:: Stored data
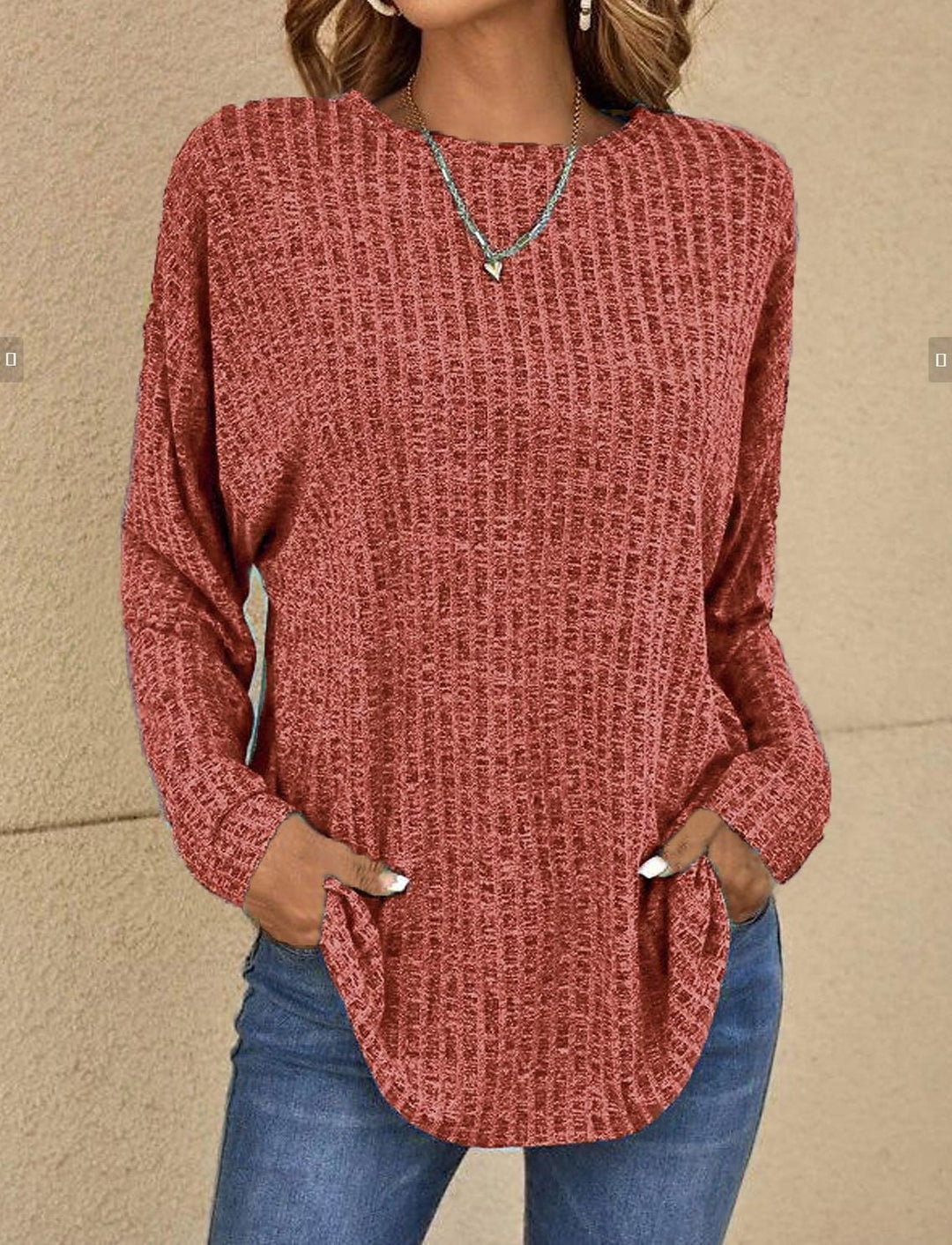 Rust curved hem rib sweater with jeans, front view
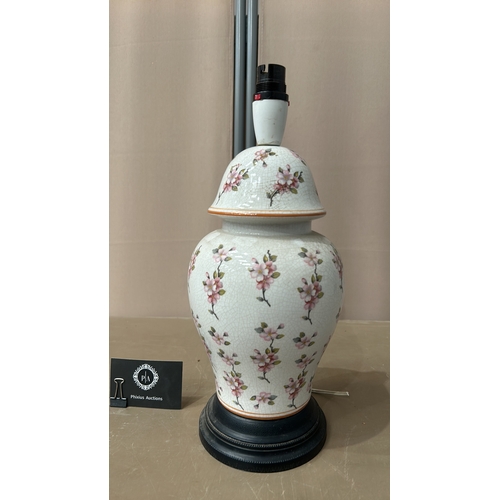 150 - Chinese Porcelain table lamp with floral motif, featuring a crackle glaze finish, mounted on a black... 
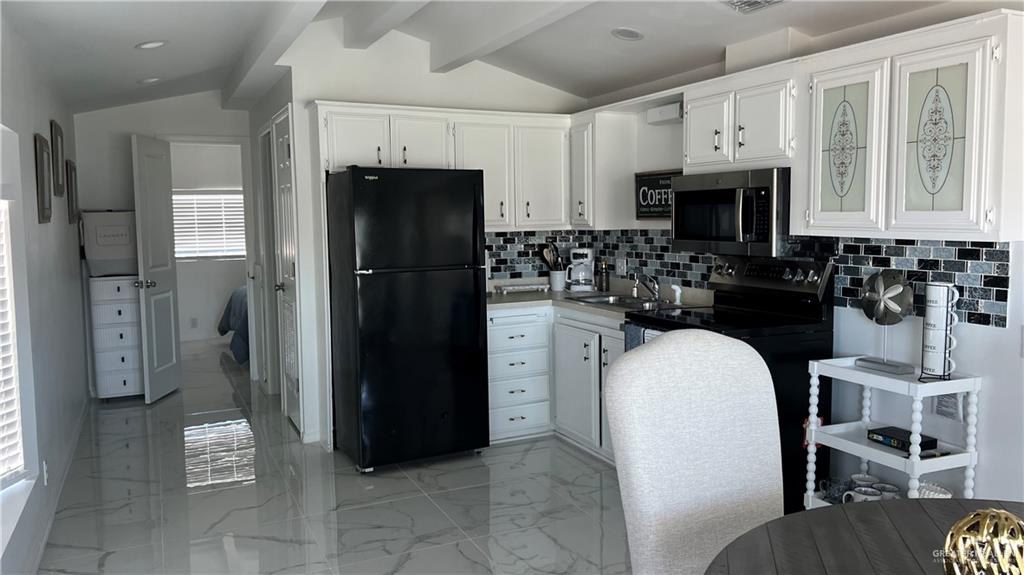 318 Sun Dial Circle Port Isabel, TX 78578 - Photo 3 of 19 a kitchen with stainless steel appliances a refrigerator a stove a microwave and a refrigerator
::::
### Problem requirements:
Once the pictures are set aside, repeat the data above exactly as written.

### Response area:
 Rust curved hem rib sweater with jeans, front view
 150 - Chinese Porcelain table lamp with floral motif, featuring a crackle glaze finish, mounted on a black... 
 318 Sun Dial Circle Port Isabel, TX 78578 - Photo 3 of 19 a kitchen with stainless steel appliances a refrigerator a stove a microwave and a refrigerator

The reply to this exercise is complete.